Given data:

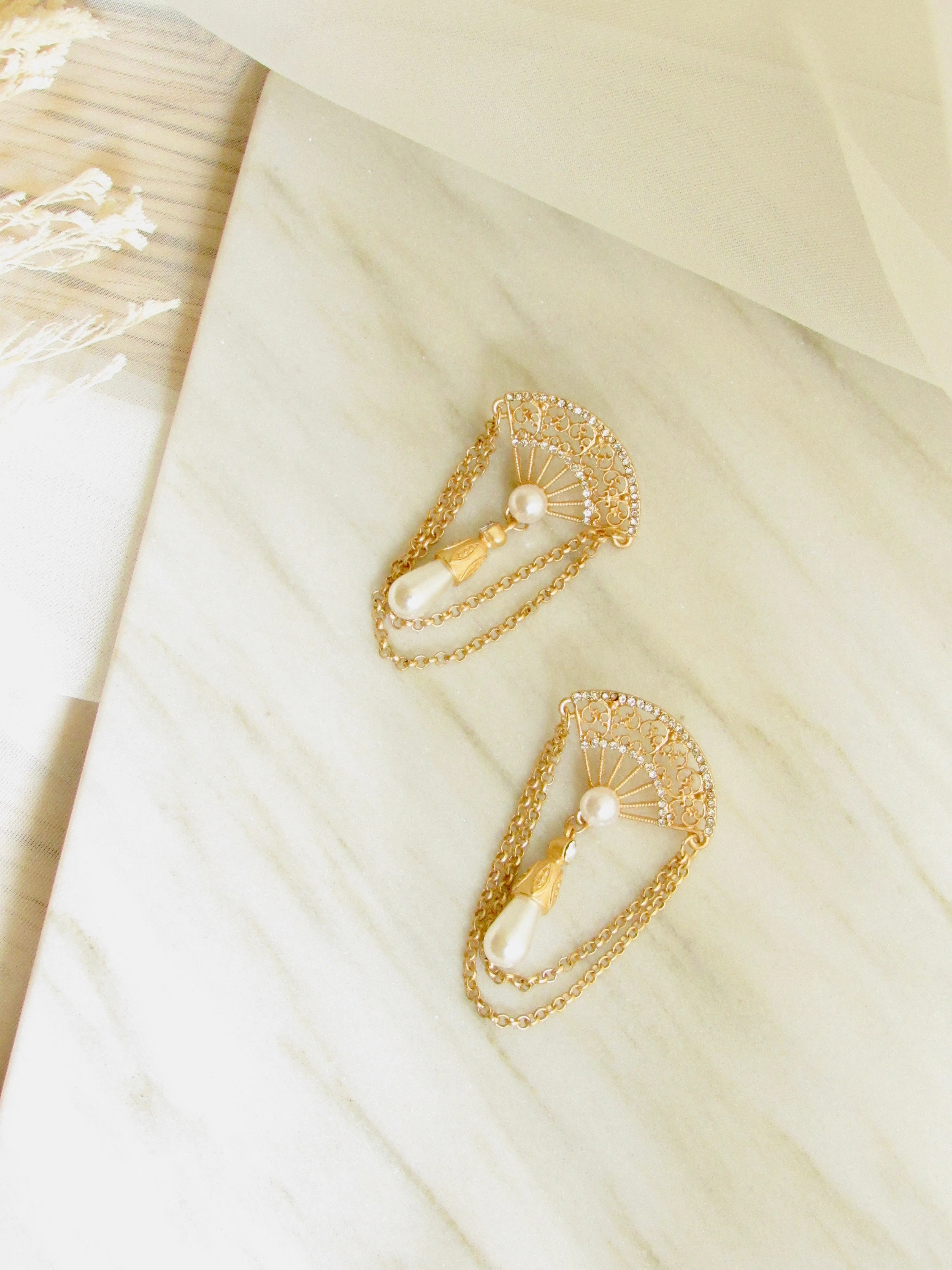 Fan Chain Pearl Gold Drop Earrings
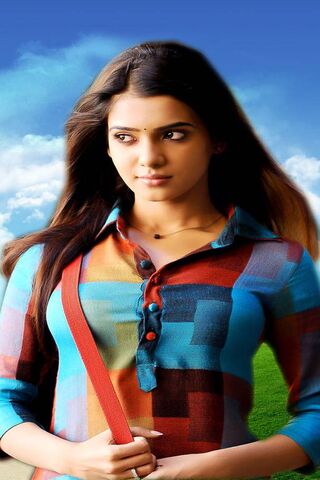 Radiant Charm in Nature's Embrace 🌼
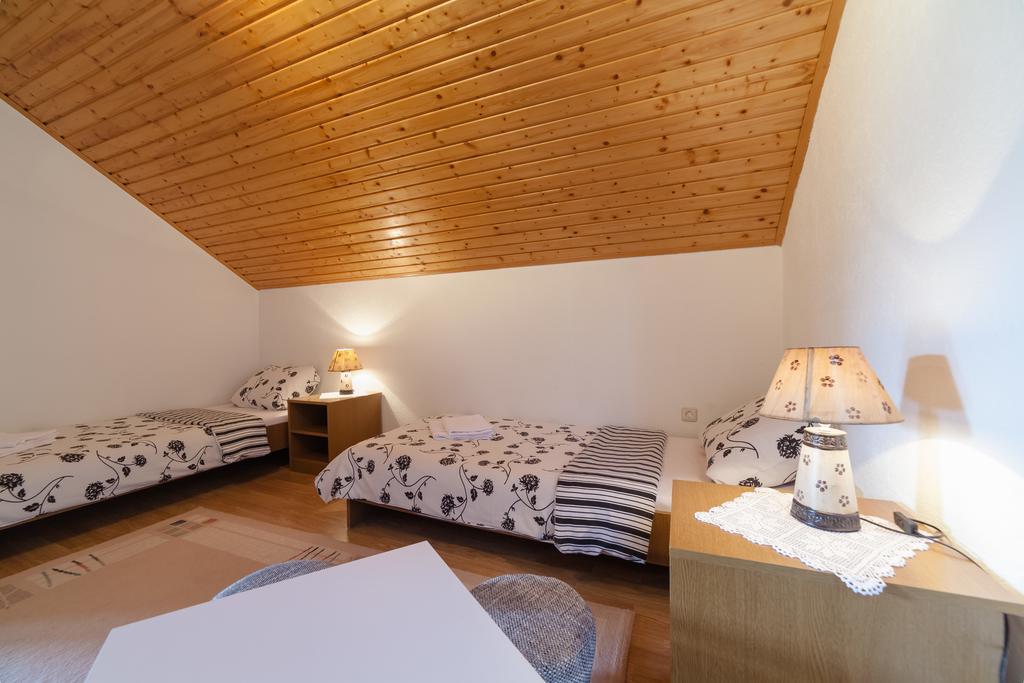 Apartment Luketic Slunj Exterior foto
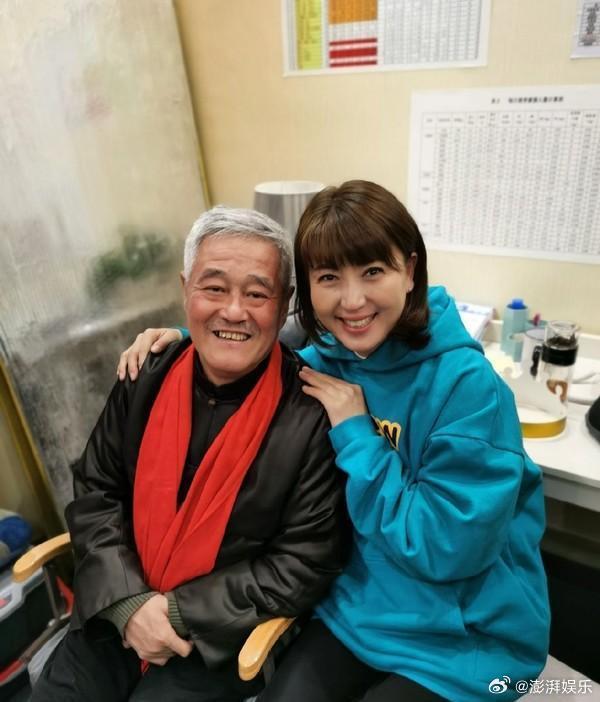  网友说闫学晶一直有阶层嗅觉闫学晶的“阶层嗅觉”曾是上升利器，却在财富中迷失，以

Action item: Please repeat the data above exactly as it appears, pictures excluded.

Answer:
 Fan Chain Pearl Gold Drop Earrings
 Radiant Charm in Nature's Embrace 🌼
 Apartment Luketic Slunj Exterior foto
  网友说闫学晶一直有阶层嗅觉闫学晶的“阶层嗅觉”曾是上升利器，却在财富中迷失，以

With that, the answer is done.